Given this reality, the authors set out to define just what is meant by “Global Citizenship.” This discussion introduces two sets of inquiries:

  1. What is ‘global’ about global citizenship? What are the origins of this view, and how are these origins converging in our particular historical moment? Also, what are the implications of such convergences?
  2. How do we differentiate between Citizenship and Global Citizenship? “What kind of notion of citizenship is assumed in or promoted by the idea of global citizenship?”

In sketching out these various conceptions of what is meant by ‘global’ and ‘citizenship,’ the authors highlight distinct tensions between promoting citizenship as a competence (outcome) or as a social practice (process), as well as the distinction between citizenship as a social membership or political affiliation. And by looking at three sub-fields of education as points of convergence, these tensions and intersections are shown to represent areas of further discussion in educational policy discourses surrounding education for global citizenship, as each “appears to allow diverse meanings to converge while subordinating some aspects of the constituent meanings.”

Environmental, Development, and Citizenship Education

The authors present the lineages of environmental, development and citizenship education as the theoretical forbearers to our present press toward education for global citizenship. These lineages are raised for discussion with the caveat that “as each of the three traditions arrives and accepts or resists education for global citizenship, there are concerns, losses and points of departure” to consider.

Environmental Education

The history of environmental education “binds it to a struggle for the well-being of the planet that is essentially a global sense of responsibility and camaraderie with world populations. ” However, problematically environmental education is vulnerable to efforts of ‘greenwashing,’ or initiatives that allocate “significantly more money or time… advertising being ‘green,’ than is actually spent on environmentally sound practices.” As the authors point out, environmental education “is a highly attractive concept that is likely to appeal to even opposed interest groups.

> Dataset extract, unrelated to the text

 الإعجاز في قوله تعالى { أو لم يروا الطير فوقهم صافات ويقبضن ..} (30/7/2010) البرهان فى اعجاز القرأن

As these themes are co-opted, education for global citizenship risks succumbing to “taken-for-granted assumptions that development implies in a Western [neoliberal] economic view,” and the potential to

“essentially [present] education as an instrument for the conservation of the environment, which is reduced to the status of resource for economic development, itself seen as an essential precondition and goal for societal development” (Sauve and Berryman, 2005 p. 230).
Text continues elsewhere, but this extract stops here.